┌─ Given entries
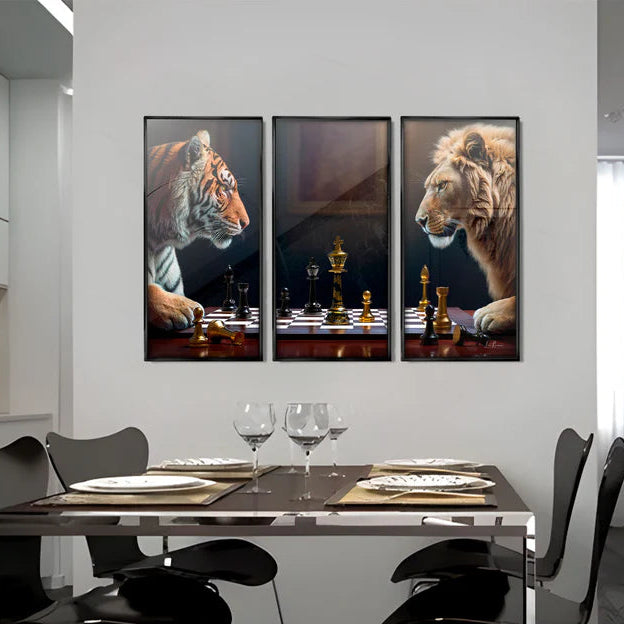 "Strategic Showdown: Lion vs. Tiger" 3-Piece Modern Art Set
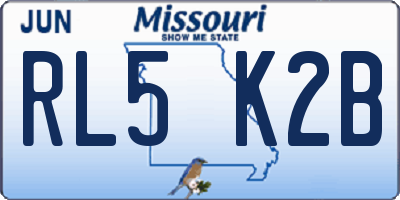 MO license plate RL5K2B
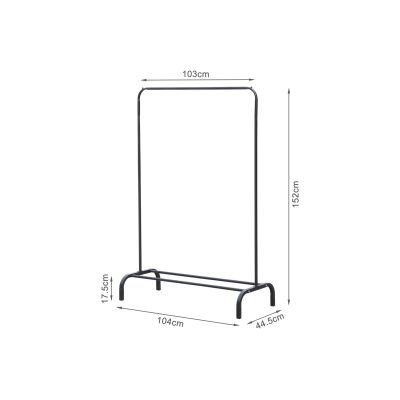 Metal Clothes Rack Stand Coat Hanger 104 x 152cm - Black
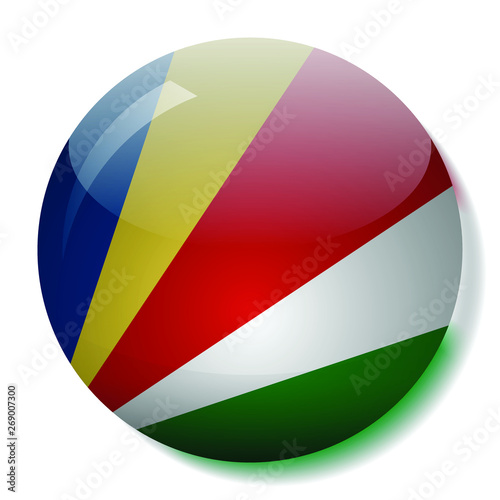 Seychelles flag glass button vector illustration Free Download Seychelles flag glass button vector illustration - GFXLoad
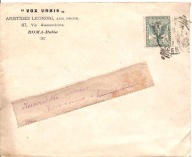 RZYM -KORYTNICA -koperta firmowa VOX URBIS -obieg 1913 rok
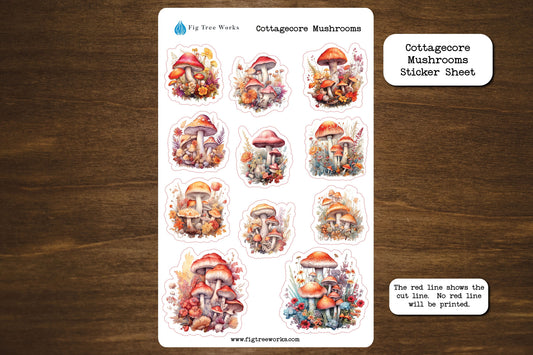 Cottagecore Mushroom Sticker Sheet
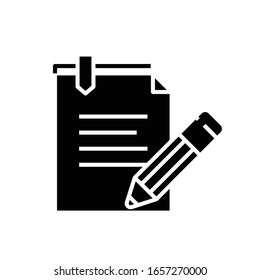 Business notes black icon, concept illustration, vector flat symbol, glyph sign.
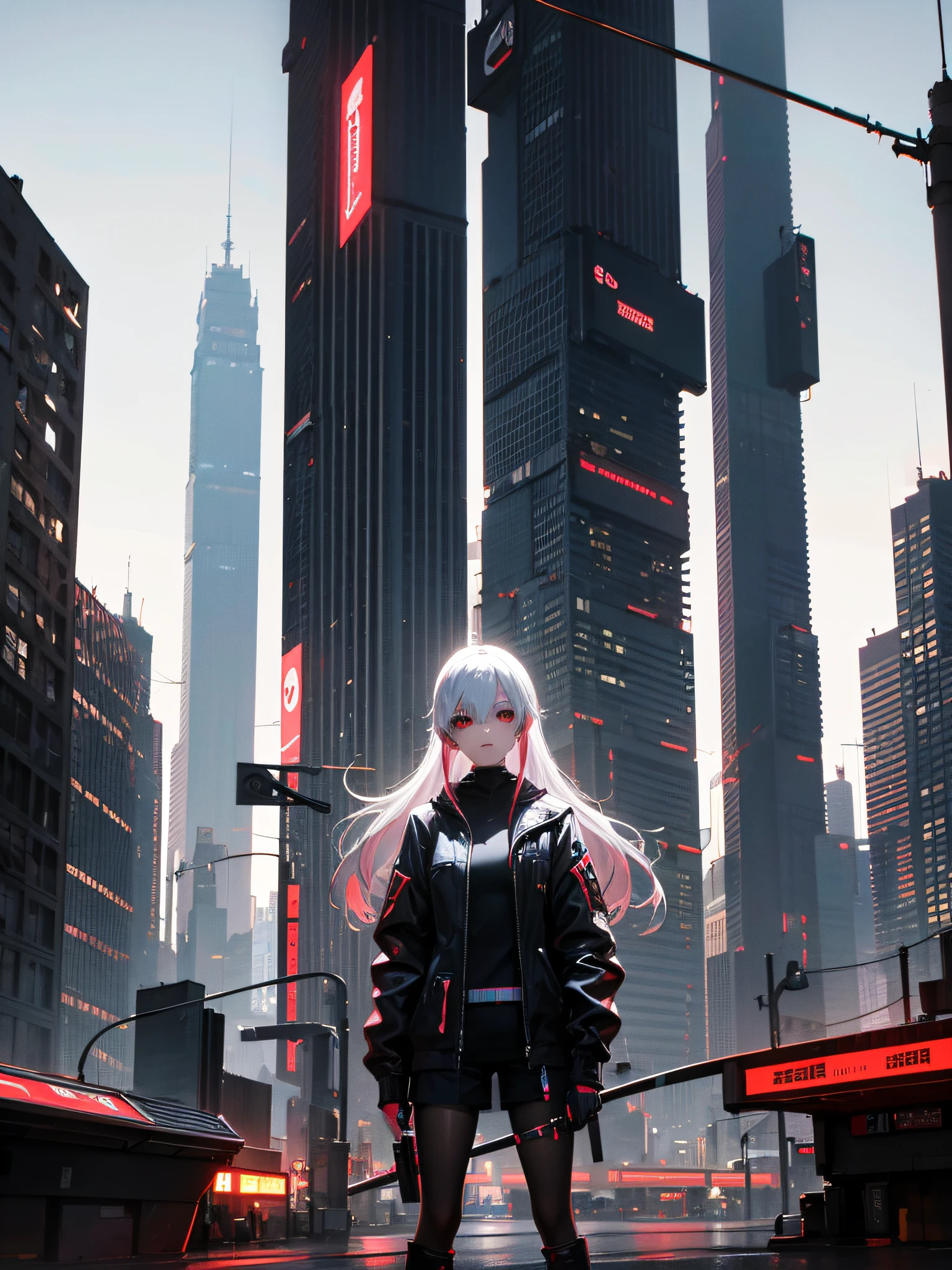 cyberpunk city,straight-on,cityscape,highres,expressionless,solo,long_hair,platinum_hair,red eyes,standing, --auto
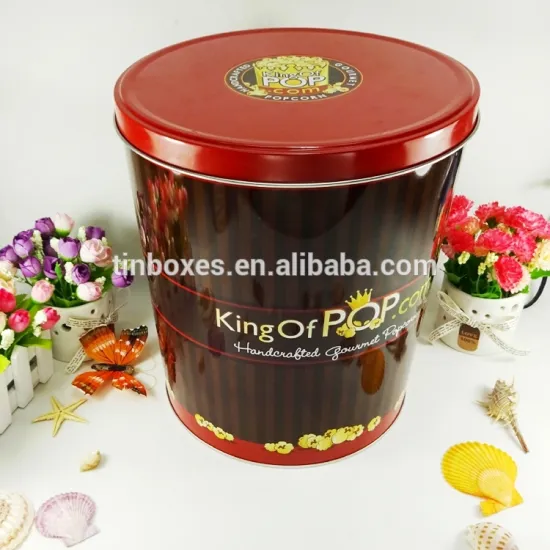 Round large popcorn tin storage bucket
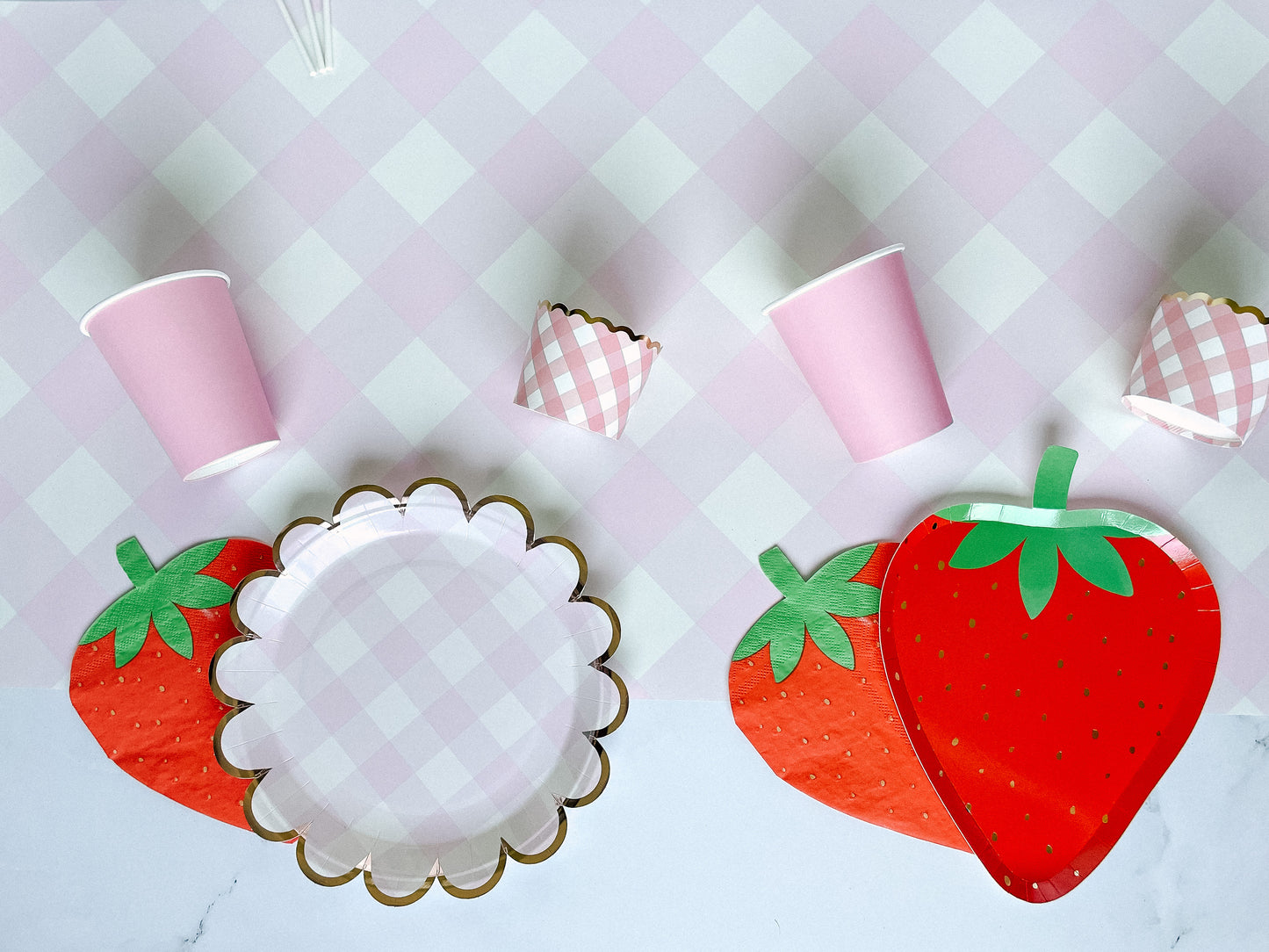 Pink Gingham Plates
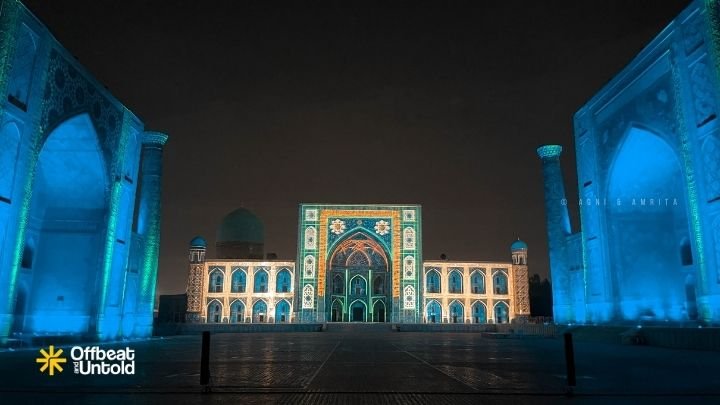 Registan Square in Samarkand Uzbekistan at night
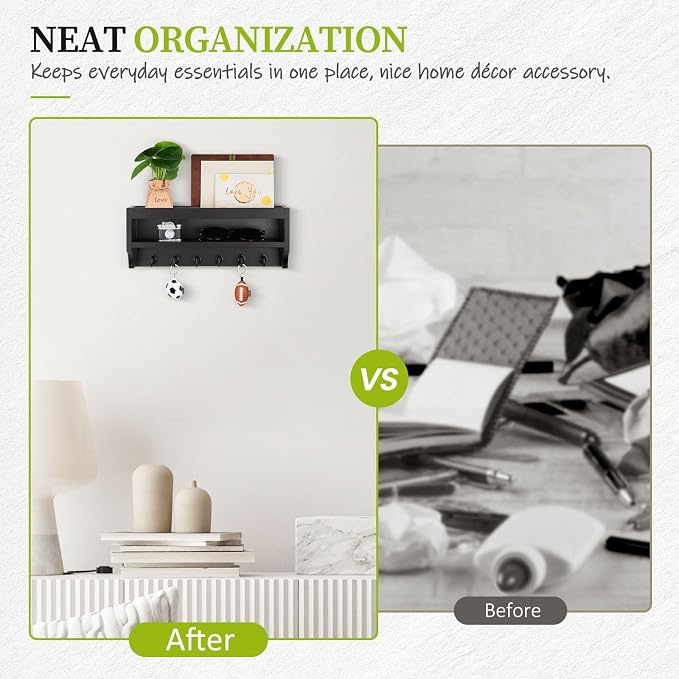 Nekon Key Holder Wall Mount, 12.8" W x 5.6" H x 3.7" D Wall Mounted Key and - Image 7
└─
Transcribe everything above exactly. Do not include the pictures.

▸ **Expected answer**:
 "Strategic Showdown: Lion vs. Tiger" 3-Piece Modern Art Set
 MO license plate RL5K2B
 Metal Clothes Rack Stand Coat Hanger 104 x 152cm - Black
 Seychelles flag glass button vector illustration Free Download Seychelles flag glass button vector illustration - GFXLoad
 RZYM -KORYTNICA -koperta firmowa VOX URBIS -obieg 1913 rok
 Cottagecore Mushroom Sticker Sheet
 Business notes black icon, concept illustration, vector flat symbol, glyph sign.
 cyberpunk city,straight-on,cityscape,highres,expressionless,solo,long_hair,platinum_hair,red eyes,standing, --auto
 Round large popcorn tin storage bucket
 Pink Gingham Plates
 Registan Square in Samarkand Uzbekistan at night
 Nekon Key Holder Wall Mount, 12.8" W x 5.6" H x 3.7" D Wall Mounted Key and - Image 7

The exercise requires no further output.